This might sound like the title to a punk-rock song, but it's true: I had a New Bomb Turkey sandwich with a New Bomb Turk.

This might sound like the title to a punk-rock song, but it's true: I had a New Bomb Turkey sandwich with a New Bomb Turk.

I'll fill in the blanks. I met Jim Weber, guitarist for the New Bomb Turks - one of the best and most successful Columbus punk bands ever - in the Melt Bar and Grilled at Easton Town Center, where we ate the seasonal sandwich named for the band that Weber helped found.

Yep, we each had a New Bomb Turkey ($14) - the mammoth, Thanksgiving-month-appropriate sandwich Melt features during November. It'll only be available for about another week, but as Weber suggested, it's well-worth seeking out - with a beer or three. That way, Melt's booze (huge beer list) and fortifying holiday food can prime you for (or ease the disappointment after) a mandatory family Thanksgiving dinner.

Obviously Weber was familiar with the Cleveland-based chain's annual November special. "It's good - everything gets slammed together. It's like the best Thanksgiving leftovers sandwich you never made," he told me as we sat down in the big, kitschy and duskily lit space.

Melt's space also celebrates rock 'n' roll, so the New Bomb Turks bandmates aren't just commemorated on plates. They reappear in the transporting black-and-white photographs taken by Jay Brown that document great Columbus bands (playing in places such as Stache's) in an inspired photo gallery. Not one to mist over about "the good old days," Weber laughed when pointing out that Brown's little gallery is located near the bathrooms.

Back to the plate. That NBT sandwich is one of the best things I've tried at Melt. Thick, crusty, griddle-toasted bread bolstered by melted Muenster cheese forms a sturdy vehicle for hefty slices of turkey breast revived on the griddle. This gets garnished with very respectable versions of the classic side dishes you'd expect.

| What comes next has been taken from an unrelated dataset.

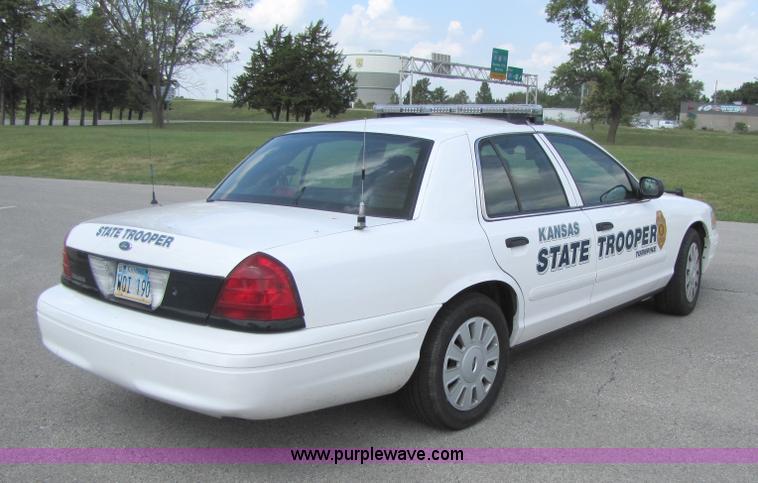image for item 5255 2006 Ford Crown Victoria Police Interceptor sedan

That means slabs of comforting stuffing studded with carrot and fragrant with sage, onion and celery; roasted butternut squash scented with cinnamon and used like a condiment; plus bright and textured cranberry-orange jam for counterpoint. "Homemade turkey gravy" is also advertized, but if my sandwich had any, there wasn't much.

Still, when paired with Melt's (Weber-recommended) real-deal smashed redskin potatoes, this special handheld feast will do to your appetite - and the holiday blahs - what the Turks have been doing on stage for about a quarter century: "!!Destroy-Oh-Boy!!"